I think OS level integrations that are opt-in, not opt-out, may even be popular. But they have to be done carefully and tastefully.
Do you know what you'll be moving to to replace what Workspace provides (email/IdP/calendar/Chrome policy management?)
The whole Gemini thing is just a massive embarrassment for Google I really can't follow their thinking, you'd think that after the Google '+' debacle that they would have learned their lesson not to cannibalize your old products to launch a new one.
The closest to useful it's been is in the GCP console, but it seems to decide at random to forget context, and it might just be Gemini Flash with minimal thinking, which tends to mean it's just repeating things it's already said.
Funnily enough, there's a bug that's affecting all MacBook users in my company (does not wake after lid down overnight). Apparently the culprit is windows defender installed in the MacBooks. Corporate, you know...
Of course this might change in future. And Mac OS has other popups where there is no “skip” and only “remind me later”.
I don’t use it often, but occasionally use the proofread option. Other than that, it stays out of my way.
Nobody can predict what Apple will do tomorrow, but as of today, they aren't really pushing Siri/Apple intelligence really hard particularly after initial setup.
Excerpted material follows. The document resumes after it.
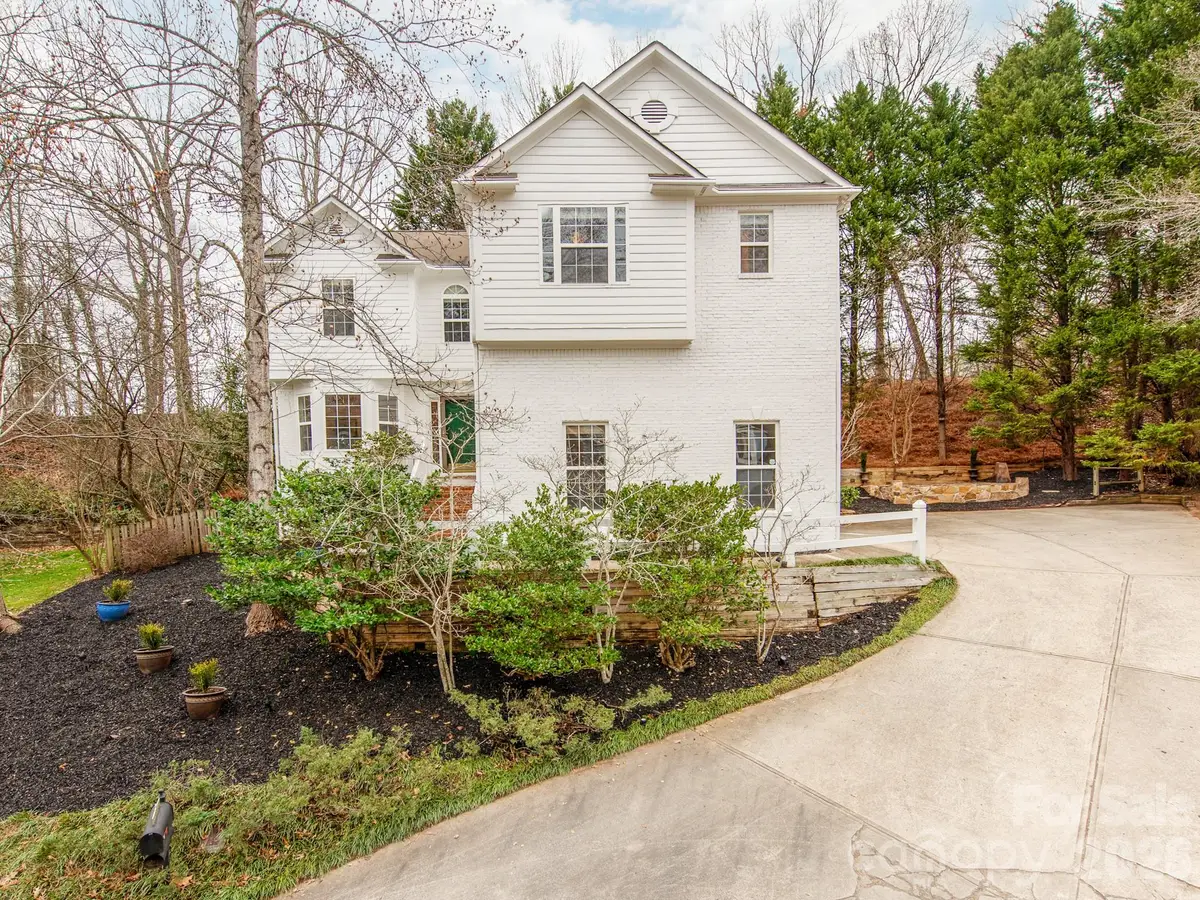 14204 Queens Carriage Place, Charlotte, NC 28278 - #1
None of most of the above for example.
I don't know what happens with Home Edition, but I though the pushback was mainly from Insider Preview?
You can't even select a cell on notepad without a freaking copilot button pooping up every single time. Same on word, that's maddening !
You could argue that windows isn't Microsoft copilot 365, but then, why do people even use windows ? It's always because of the office, my bad, copilot 365 suite.
I actually trust the Apple Intelligence, when off, doesn't exfiltrate my data.
I too would not want any unprompted access to my files.
At the end of the day this issue is that we don't trust the OS and we cannot easily validate how it is designed to behave.
Baked into the OS implies that it's integral to its operation in a way that the two are fundamentally inseparable. Having a global off switch implies that's not true.
There are other irritating baked in aspects of the newest macos and other recent versions that are arguably less avoidable, like Tahoe's entire UI design, or the Settings app.
Maybe it's doing stuff that doesn't rise to my level of attention, but it isn't actively annoying me.
No, I don't need you to summarize a two sentence email. How about I move emails to folders and you start to learn the patterns? Or which alert emails I want to ignore? Or who asked me something last week and I forgot to respond? Or which emails I should look at first after a vacation? Etc.
"Can you help me reorganize my files?"
"Lol, no."
Sure both have their quirks, but it's just wild how much Windows goes out of its way to be annoying. From a billion startup notifications to basic UI stuff to copilot and the list goes on.
However if your interests lie in indie games or games that require a keyboard and mouse interface (precision shooters, grand strategy games, RTS games, etc) then having a PC that can play games is completely necessary. (I say this as someone who runs linux btw, not a windows defender).
In fact, basically any feature added since Windows 10 is probably unwanted.
Edit: but I am somewhat surprised that it’s qt and not the typical react electron bloat that Microsoft is slopping out. I’m sure it’s only a matter of time.
Gen AI has even more power at task generation than at content generation. Imagine running Photoshop or Final Cut Pro via prompts. People seem squeamish because so far the Copilot entrypoints have been encouraging tacky text & image content generation, like Clippy. But imo that’s the weakest and most sensitive application.
V1 is often not very good, for any new application.